Copy the data that follows exactly as it is, excluding all pictures.

Raw data Block Start

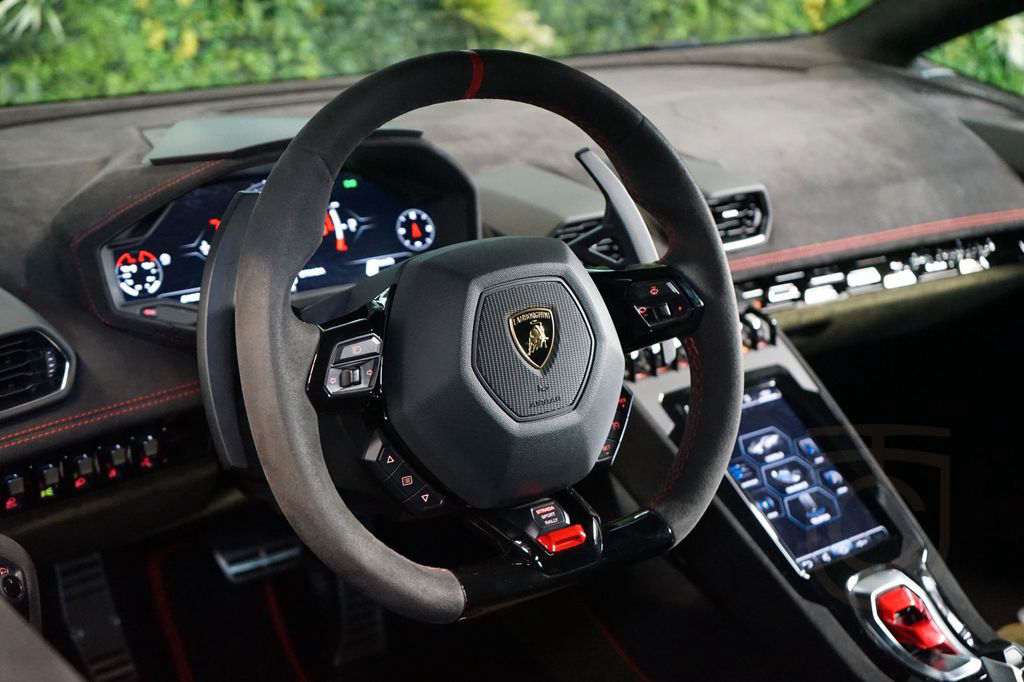 Lamborghini Huracán STERRATO*5.2l V10*63 LOGO*258.182€ NETT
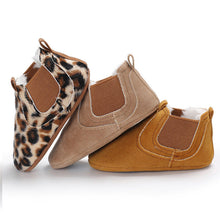 Load image into Gallery viewer, 2018 Brand New Toddler Newborn Baby Boy Girl Leather Soft Sole Crib Shoes Sneakers Prewalker Leopard Solid Warm First Walkers
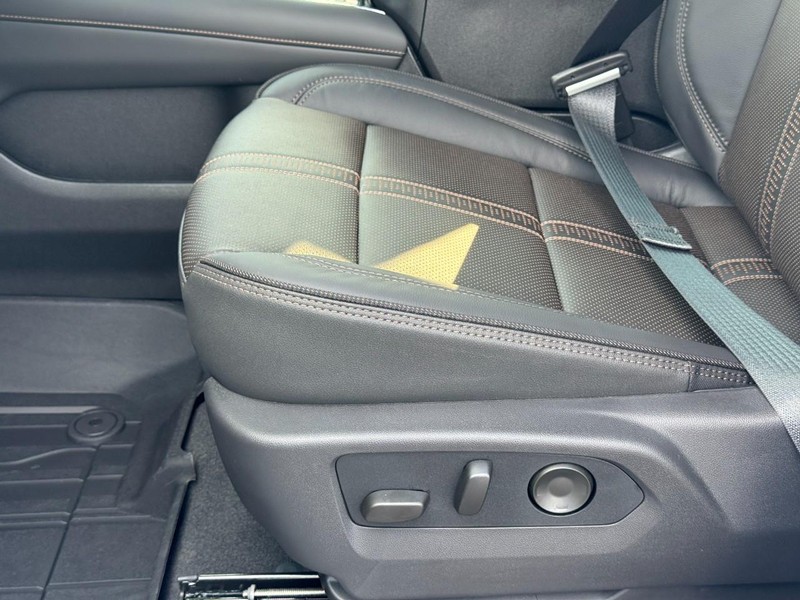 Chevrolet Suburban Vehicle Full-screen Gallery Image 13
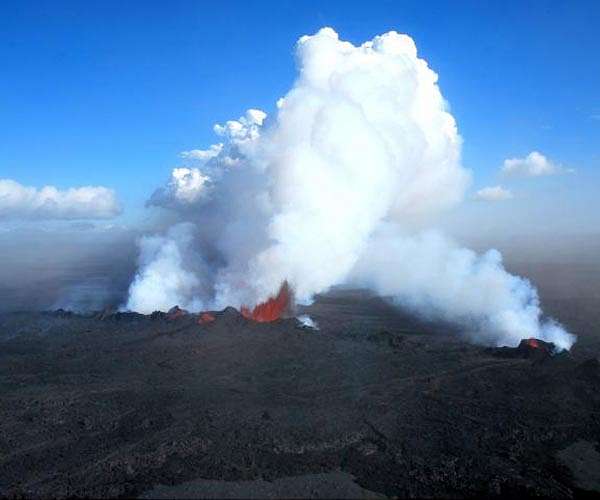 Volcano erupts near Icelandic capital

Raw data Block End

## Task solution
 Lamborghini Huracán STERRATO*5.2l V10*63 LOGO*258.182€ NETT
 Load image into Gallery viewer, 2018 Brand New Toddler Newborn Baby Boy Girl Leather Soft Sole Crib Shoes Sneakers Prewalker Leopard Solid Warm First Walkers
 Chevrolet Suburban Vehicle Full-screen Gallery Image 13
 Volcano erupts near Icelandic capital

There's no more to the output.